I assumed this was some peculiar Yorkshire dialect I’d never master. He probably meant ‘wipe’. We’d just trudged from Harrogate station through the rain and my lace-up shoes for grown-ups (Unused for the previous year) were wet. I went to the doormat and shook myself. He remained at the desk holding a chunky Star Trek sidearm and a troubled expression. He still hadn’t given me my room key.

This was day one of the Theakstons Old Peculier Crime Writing Festival 2009 and I had my mission statement printed out in my back pocket. My publicity lady had held it before her face and read it to me in case it was too difficult for a boy from out-of-town to grasp.

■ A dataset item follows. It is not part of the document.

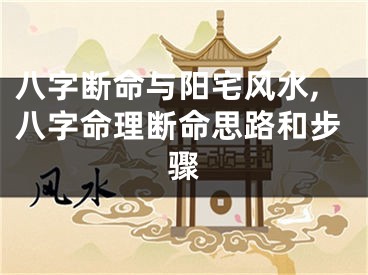 八字断命与阳宅风水,八字命理断命思路和步骤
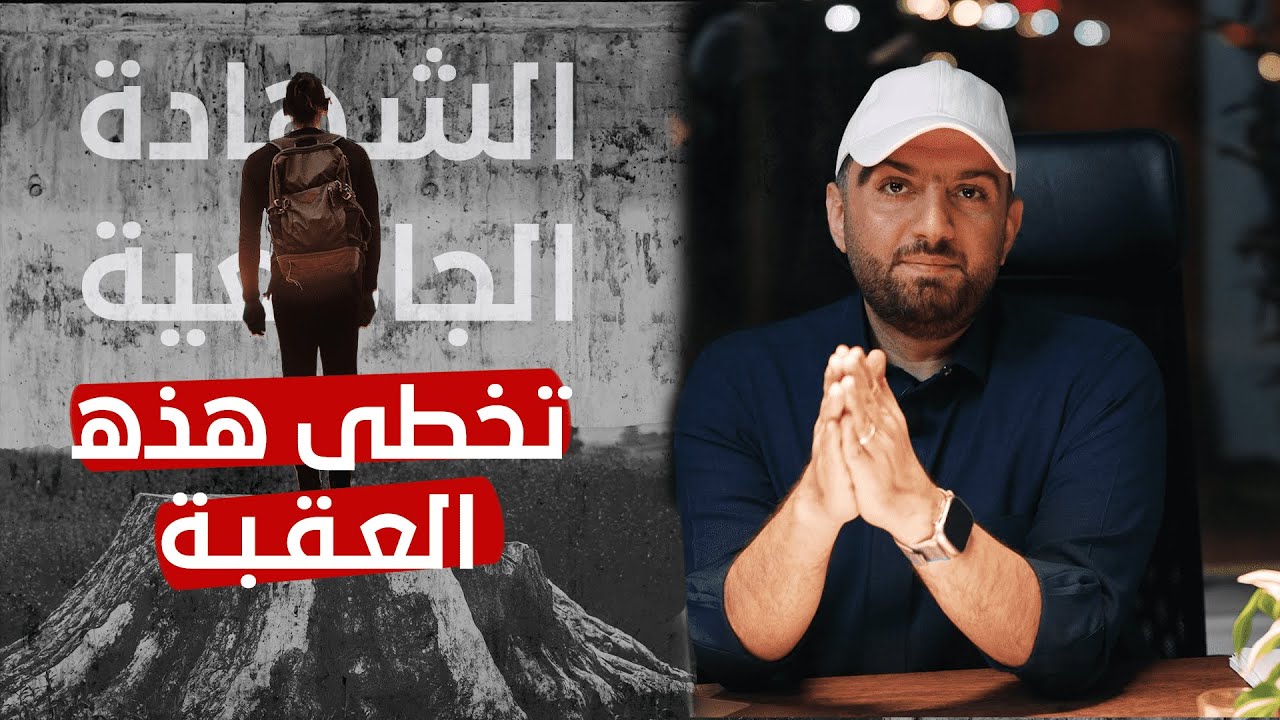 كيف تتخطى عقبة الشهادة الجامعية ؟ وكيف تنطلق إلى أبعد مما تتخيل | ثابت حجازي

“Colin,” she read. “What we expect you to do is stand in the bar, drink a lot from our tab and exchange pleasantries with as many authors and publishers as possible until the early hours of the morning. Try not to do or say anything embarrassing.” I’ve had some tough jobs in my life. I was once a window cleaner at the Sutton student nurses dormitory. But I knew this was going to be tough. They said they wanted me to fit. Be one of the literati. Blend in. But standing in the bar at the Harrogate festival not saying or doing anything embarrassing would surely make me stand out like a sore thumb. I’d been there before.

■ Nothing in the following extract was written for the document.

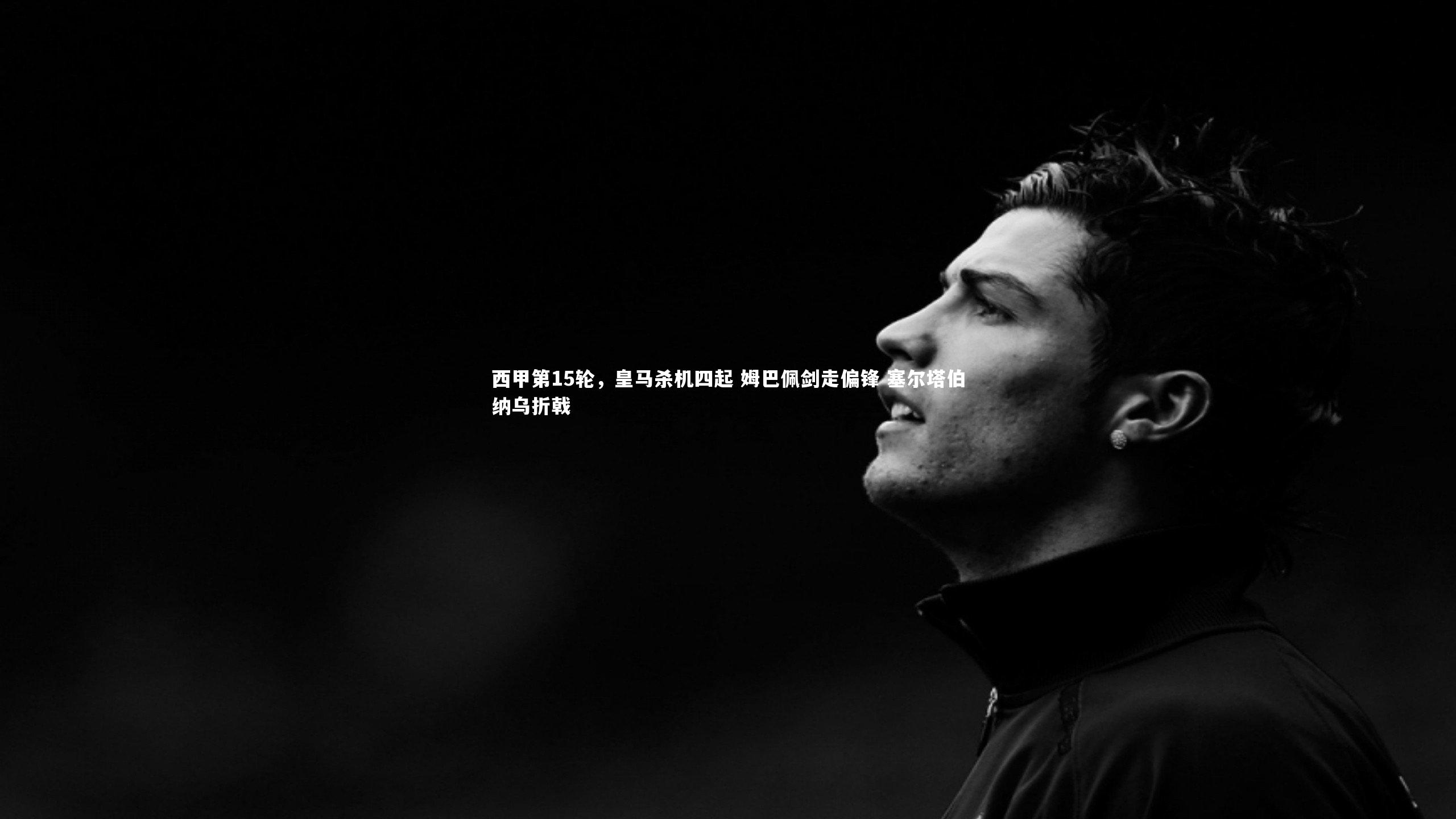 西甲第15轮，皇马杀机四起 姆巴佩剑走偏锋 塞尔塔伯纳乌折戟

Of course, first things first. I still had to check in and something was undoubtedly amiss. It was our Jess who solved the mystery. Jess who recognized two words on Coronation Street as being English. Jess who was certain Val McDermid was a native speaker of Scandinavian. Jess might have linguistic problems but she’s fluent in IT and she picked up on the word ‘swipe’.

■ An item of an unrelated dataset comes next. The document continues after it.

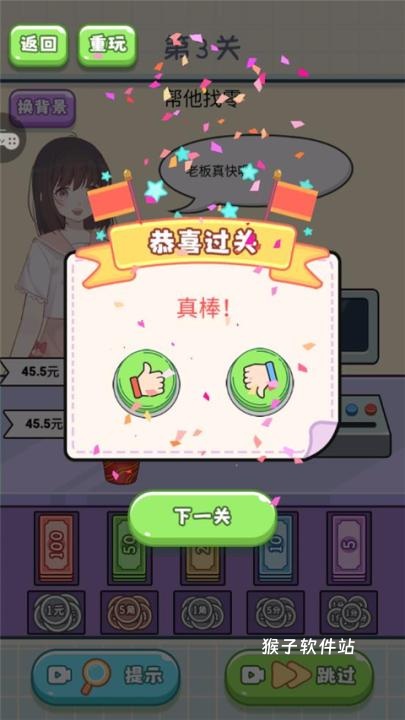 我要当首富游戏官网版_https://www.houzisoft.com_模拟经营_第5张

“They want a credit card,” she said.

Why didn’t he just say so? Problem solved.

“We don’t have one,” I told him.

“You don’t have a what?” said the bloody-cheeked manager.

“A credit card”, said I.

Of course I’d seen that expression before. A fleeting smile, a long probing stare with a silence background, a pitying frown. Even in the better hotels in Bangkok they’d perfected the self-same expression. It asked, who, of any worth, of any standing in society, DIDN’T have a credit card?

“Me!” I’d say.

“I can pay,” I’d say.

“I have a big bag full of money,” I’d say, only too aware that there are large chunks of the service industry who don’t know what money is. I once offered to hand over a thick wad of cash equal to the value of a rental car but they still refused to let me drive off with it. I am a monetarily handicapped person but I still reserve the right to do all my financial deals with actual cash if I so wish. Call me irresponsible.

The manager wasn’t prepared to grant me my rights without a fight. He was on the phone for a very long time and I don’t know who he finally got through to, but eventually he stood before me with his left ear in one hand and our key in the other. His head shook almost imperceptibly as if he was imagining what hellish damage we might do to his suite. We boarded the lift. One tiny step for a man without vinyl.

We changed and headed for the Crown Hotel where we would undoubtedly forget our credit debacle amidst the revelry of awards night and the grand welcome party. We passed the bar where authors had already begun to act and speak in an embarrassing manner. I picked out a spot beside a sturdy pillar from which to launch my own unique blend of foolishness in an hour or so.

But first, to the reception desk to register. My name was not on the list. Word must have spread that I was an unreconstructed hippy with no respect for banking. But with no registration I didn’t exist and there would be no complementary tickets or, more importantly, no free drinks. We stood to one side watching the happy fans parade into the dining hall. Through the imposing wooden doors I caught a glimpse of thousand of full Old Peculier bottles massed together like penguins. I could see the disturbingly attractive eastern European waitresses flit from person to person with tasty snacks and bottles of wine. But Oliver Twist and Mrs. Oliver Twist stood stuck outside and the last of the guests disappeared through the doors and there was no hope for us.